* **WHAT YOU HAVE TO DO**: Transcribe exactly everything in the data below from the line containing "Mini Quilted Lambskin" down to the line containing "Rare Distressed Vintage", both lines included and nothing further.

:::::

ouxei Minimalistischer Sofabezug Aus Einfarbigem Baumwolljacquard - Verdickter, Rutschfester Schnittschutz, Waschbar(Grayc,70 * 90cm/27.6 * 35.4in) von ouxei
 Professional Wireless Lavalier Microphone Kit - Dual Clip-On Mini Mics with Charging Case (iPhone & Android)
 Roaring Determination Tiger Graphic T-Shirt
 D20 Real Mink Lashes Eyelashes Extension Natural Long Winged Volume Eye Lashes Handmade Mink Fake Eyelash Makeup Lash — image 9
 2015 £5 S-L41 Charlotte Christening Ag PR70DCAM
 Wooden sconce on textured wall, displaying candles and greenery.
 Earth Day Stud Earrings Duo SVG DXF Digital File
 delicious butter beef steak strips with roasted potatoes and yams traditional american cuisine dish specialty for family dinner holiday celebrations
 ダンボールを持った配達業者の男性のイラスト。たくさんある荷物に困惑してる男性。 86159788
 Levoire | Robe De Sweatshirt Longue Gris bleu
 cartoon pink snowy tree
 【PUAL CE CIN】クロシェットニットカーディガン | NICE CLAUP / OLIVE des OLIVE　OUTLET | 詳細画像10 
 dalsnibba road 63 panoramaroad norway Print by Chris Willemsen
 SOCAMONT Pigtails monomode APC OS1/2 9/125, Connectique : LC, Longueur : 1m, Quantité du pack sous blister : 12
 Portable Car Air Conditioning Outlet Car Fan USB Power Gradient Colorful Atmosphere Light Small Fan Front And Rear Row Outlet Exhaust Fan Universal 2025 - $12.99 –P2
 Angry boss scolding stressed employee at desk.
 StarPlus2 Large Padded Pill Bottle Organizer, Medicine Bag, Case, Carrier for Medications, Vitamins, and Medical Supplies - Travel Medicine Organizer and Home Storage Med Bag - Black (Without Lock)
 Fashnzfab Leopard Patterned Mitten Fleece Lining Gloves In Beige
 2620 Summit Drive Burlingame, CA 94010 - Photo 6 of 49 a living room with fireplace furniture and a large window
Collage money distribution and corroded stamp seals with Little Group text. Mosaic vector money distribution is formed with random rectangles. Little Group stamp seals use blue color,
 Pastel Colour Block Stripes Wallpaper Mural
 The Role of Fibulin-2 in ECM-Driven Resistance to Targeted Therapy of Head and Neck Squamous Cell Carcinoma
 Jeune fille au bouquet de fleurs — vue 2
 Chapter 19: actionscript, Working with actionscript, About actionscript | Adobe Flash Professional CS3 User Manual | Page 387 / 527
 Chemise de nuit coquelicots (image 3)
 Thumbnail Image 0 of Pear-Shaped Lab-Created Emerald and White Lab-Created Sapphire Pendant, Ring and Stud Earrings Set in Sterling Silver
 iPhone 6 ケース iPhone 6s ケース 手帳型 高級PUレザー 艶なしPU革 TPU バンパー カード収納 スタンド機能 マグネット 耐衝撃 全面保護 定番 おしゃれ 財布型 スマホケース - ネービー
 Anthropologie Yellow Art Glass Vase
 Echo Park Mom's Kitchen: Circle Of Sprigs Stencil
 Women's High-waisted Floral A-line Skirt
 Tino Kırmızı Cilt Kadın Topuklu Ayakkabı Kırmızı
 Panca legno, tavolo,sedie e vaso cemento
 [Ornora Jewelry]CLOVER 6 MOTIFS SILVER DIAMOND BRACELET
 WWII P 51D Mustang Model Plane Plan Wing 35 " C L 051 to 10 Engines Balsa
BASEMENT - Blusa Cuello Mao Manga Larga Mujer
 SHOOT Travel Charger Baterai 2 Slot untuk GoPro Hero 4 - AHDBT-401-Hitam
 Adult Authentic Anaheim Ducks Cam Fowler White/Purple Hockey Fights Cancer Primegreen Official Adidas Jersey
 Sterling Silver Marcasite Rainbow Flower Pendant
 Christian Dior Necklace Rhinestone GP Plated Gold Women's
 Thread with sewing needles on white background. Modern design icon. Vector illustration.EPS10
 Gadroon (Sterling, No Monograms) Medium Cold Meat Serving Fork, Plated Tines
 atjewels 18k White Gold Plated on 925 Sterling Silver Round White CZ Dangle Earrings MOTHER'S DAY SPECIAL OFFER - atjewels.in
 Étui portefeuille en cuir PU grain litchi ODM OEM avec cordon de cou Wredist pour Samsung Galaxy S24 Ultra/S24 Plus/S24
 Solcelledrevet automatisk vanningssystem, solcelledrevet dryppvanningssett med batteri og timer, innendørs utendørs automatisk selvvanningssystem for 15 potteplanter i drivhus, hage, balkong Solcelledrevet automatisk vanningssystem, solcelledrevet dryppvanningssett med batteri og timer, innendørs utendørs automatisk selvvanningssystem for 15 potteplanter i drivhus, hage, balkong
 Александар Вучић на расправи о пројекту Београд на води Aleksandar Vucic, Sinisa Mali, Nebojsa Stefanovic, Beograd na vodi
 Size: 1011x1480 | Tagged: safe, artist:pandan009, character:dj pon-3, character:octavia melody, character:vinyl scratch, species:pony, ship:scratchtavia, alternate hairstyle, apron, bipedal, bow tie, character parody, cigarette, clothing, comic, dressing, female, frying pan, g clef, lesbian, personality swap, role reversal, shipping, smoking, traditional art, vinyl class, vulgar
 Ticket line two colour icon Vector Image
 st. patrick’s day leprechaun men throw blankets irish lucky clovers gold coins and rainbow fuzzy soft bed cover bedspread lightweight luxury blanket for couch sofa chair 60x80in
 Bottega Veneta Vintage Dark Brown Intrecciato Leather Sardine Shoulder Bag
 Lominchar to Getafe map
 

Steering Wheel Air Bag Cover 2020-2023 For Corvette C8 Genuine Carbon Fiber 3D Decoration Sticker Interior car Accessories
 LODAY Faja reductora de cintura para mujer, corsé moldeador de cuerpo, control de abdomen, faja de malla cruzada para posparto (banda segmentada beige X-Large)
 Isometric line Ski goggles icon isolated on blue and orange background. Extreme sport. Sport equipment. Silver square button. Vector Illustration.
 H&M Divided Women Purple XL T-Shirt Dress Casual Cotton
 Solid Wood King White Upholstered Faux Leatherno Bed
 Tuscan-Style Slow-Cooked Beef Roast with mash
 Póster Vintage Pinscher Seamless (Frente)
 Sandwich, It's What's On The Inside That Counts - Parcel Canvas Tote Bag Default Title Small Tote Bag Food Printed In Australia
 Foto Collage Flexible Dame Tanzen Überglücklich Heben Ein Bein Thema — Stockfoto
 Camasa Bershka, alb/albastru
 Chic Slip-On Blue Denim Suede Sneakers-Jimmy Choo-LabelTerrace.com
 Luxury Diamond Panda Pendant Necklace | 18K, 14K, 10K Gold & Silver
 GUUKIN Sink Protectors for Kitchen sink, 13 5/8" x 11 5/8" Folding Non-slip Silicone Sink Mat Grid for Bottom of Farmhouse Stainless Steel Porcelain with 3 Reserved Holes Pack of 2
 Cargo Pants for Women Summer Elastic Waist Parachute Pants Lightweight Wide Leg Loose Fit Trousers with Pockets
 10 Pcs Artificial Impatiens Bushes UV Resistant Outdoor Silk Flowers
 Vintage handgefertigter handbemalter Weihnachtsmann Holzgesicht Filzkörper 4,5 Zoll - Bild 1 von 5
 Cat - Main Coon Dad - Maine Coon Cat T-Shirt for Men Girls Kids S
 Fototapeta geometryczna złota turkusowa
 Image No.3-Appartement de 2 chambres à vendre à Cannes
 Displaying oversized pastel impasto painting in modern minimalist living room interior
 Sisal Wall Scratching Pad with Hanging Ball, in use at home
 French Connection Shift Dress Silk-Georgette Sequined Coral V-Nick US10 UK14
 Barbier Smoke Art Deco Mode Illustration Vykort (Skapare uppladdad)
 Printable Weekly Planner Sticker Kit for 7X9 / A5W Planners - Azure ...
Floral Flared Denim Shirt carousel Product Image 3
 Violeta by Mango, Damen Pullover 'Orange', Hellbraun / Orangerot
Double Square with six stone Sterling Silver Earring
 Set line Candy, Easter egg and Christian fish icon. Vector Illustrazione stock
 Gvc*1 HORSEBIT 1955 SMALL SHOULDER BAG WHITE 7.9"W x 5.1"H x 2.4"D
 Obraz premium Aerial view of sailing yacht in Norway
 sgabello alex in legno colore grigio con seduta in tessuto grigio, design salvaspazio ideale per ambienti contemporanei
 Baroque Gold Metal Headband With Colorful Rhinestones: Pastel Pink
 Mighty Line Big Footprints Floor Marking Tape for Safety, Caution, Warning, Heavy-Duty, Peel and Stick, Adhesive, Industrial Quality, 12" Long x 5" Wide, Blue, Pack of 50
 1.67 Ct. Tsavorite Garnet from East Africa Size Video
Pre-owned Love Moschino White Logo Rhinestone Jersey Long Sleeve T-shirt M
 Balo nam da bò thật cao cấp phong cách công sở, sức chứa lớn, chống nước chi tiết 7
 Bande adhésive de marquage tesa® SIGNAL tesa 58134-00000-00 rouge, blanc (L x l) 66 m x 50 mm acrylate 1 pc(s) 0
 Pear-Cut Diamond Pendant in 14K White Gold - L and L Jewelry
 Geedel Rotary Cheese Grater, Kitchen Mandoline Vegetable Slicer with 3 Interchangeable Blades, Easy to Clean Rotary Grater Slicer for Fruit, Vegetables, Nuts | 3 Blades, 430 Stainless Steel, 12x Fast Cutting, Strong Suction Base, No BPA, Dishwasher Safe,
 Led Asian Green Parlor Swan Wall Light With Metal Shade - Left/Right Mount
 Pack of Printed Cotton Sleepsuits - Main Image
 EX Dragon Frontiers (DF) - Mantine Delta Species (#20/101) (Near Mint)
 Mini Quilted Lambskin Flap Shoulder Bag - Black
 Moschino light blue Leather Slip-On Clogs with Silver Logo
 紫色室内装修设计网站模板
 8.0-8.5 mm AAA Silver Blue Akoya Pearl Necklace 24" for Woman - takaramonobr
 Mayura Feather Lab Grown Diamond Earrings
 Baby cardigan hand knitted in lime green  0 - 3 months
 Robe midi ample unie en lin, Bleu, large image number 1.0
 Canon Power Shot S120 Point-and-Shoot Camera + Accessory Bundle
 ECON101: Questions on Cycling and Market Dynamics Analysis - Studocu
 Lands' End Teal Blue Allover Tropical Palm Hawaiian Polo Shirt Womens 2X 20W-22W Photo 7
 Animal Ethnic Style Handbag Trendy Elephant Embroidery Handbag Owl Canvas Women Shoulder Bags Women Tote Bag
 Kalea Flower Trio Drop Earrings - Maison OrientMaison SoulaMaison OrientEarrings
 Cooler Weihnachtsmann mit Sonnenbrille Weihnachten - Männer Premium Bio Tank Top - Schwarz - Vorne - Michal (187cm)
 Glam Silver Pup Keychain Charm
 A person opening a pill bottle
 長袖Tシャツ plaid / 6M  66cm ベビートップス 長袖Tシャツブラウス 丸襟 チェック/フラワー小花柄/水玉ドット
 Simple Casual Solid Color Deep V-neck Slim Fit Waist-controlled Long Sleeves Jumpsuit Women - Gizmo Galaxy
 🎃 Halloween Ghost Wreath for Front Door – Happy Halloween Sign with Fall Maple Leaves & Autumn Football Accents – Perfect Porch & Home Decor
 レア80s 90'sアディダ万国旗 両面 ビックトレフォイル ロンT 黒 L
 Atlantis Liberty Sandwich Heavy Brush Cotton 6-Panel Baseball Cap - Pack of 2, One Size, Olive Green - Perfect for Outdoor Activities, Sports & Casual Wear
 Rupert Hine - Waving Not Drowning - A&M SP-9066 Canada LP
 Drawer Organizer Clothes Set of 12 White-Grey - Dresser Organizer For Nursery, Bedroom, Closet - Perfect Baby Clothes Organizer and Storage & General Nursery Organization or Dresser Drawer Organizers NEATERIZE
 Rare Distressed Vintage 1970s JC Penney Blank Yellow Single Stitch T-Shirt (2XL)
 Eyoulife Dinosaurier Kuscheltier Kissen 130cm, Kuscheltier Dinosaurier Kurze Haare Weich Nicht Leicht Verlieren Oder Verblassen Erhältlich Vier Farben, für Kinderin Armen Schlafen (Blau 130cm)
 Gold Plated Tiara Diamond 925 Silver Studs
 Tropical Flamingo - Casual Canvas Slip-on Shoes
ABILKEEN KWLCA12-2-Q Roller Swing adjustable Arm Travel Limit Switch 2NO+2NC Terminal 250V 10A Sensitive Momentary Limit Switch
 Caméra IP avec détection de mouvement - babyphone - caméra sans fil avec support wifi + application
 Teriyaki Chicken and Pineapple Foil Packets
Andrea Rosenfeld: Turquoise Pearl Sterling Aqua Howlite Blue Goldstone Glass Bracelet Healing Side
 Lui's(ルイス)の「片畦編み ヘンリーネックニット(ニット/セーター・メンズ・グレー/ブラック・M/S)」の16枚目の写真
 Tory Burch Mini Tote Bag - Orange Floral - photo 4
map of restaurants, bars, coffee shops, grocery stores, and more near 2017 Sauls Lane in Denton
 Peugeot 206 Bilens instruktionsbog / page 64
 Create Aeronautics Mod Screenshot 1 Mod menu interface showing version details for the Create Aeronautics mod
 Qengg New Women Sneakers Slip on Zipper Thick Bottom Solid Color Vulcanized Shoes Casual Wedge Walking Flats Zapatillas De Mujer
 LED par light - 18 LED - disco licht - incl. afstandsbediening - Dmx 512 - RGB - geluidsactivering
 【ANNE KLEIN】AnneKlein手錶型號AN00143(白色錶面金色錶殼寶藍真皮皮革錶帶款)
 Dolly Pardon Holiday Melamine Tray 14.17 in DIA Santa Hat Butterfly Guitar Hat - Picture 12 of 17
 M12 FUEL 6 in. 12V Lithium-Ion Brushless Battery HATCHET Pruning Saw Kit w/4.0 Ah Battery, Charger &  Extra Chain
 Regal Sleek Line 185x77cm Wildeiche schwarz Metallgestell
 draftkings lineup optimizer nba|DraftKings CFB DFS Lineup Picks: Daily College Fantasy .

:::::

* **RESPONSE AREA**:
 Mini Quilted Lambskin Flap Shoulder Bag - Black
 Moschino light blue Leather Slip-On Clogs with Silver Logo
 紫色室内装修设计网站模板
 8.0-8.5 mm AAA Silver Blue Akoya Pearl Necklace 24" for Woman - takaramonobr
 Mayura Feather Lab Grown Diamond Earrings
 Baby cardigan hand knitted in lime green  0 - 3 months
 Robe midi ample unie en lin, Bleu, large image number 1.0
 Canon Power Shot S120 Point-and-Shoot Camera + Accessory Bundle
 ECON101: Questions on Cycling and Market Dynamics Analysis - Studocu
 Lands' End Teal Blue Allover Tropical Palm Hawaiian Polo Shirt Womens 2X 20W-22W Photo 7
 Animal Ethnic Style Handbag Trendy Elephant Embroidery Handbag Owl Canvas Women Shoulder Bags Women Tote Bag
 Kalea Flower Trio Drop Earrings - Maison OrientMaison SoulaMaison OrientEarrings
 Cooler Weihnachtsmann mit Sonnenbrille Weihnachten - Männer Premium Bio Tank Top - Schwarz - Vorne - Michal (187cm)
 Glam Silver Pup Keychain Charm
 A person opening a pill bottle
 長袖Tシャツ plaid / 6M  66cm ベビートップス 長袖Tシャツブラウス 丸襟 チェック/フラワー小花柄/水玉ドット
 Simple Casual Solid Color Deep V-neck Slim Fit Waist-controlled Long Sleeves Jumpsuit Women - Gizmo Galaxy
 🎃 Halloween Ghost Wreath for Front Door – Happy Halloween Sign with Fall Maple Leaves & Autumn Football Accents – Perfect Porch & Home Decor
 レア80s 90'sアディダ万国旗 両面 ビックトレフォイル ロンT 黒 L
 Atlantis Liberty Sandwich Heavy Brush Cotton 6-Panel Baseball Cap - Pack of 2, One Size, Olive Green - Perfect for Outdoor Activities, Sports & Casual Wear
 Rupert Hine - Waving Not Drowning - A&M SP-9066 Canada LP
 Drawer Organizer Clothes Set of 12 White-Grey - Dresser Organizer For Nursery, Bedroom, Closet - Perfect Baby Clothes Organizer and Storage & General Nursery Organization or Dresser Drawer Organizers NEATERIZE
 Rare Distressed Vintage 1970s JC Penney Blank Yellow Single Stitch T-Shirt (2XL)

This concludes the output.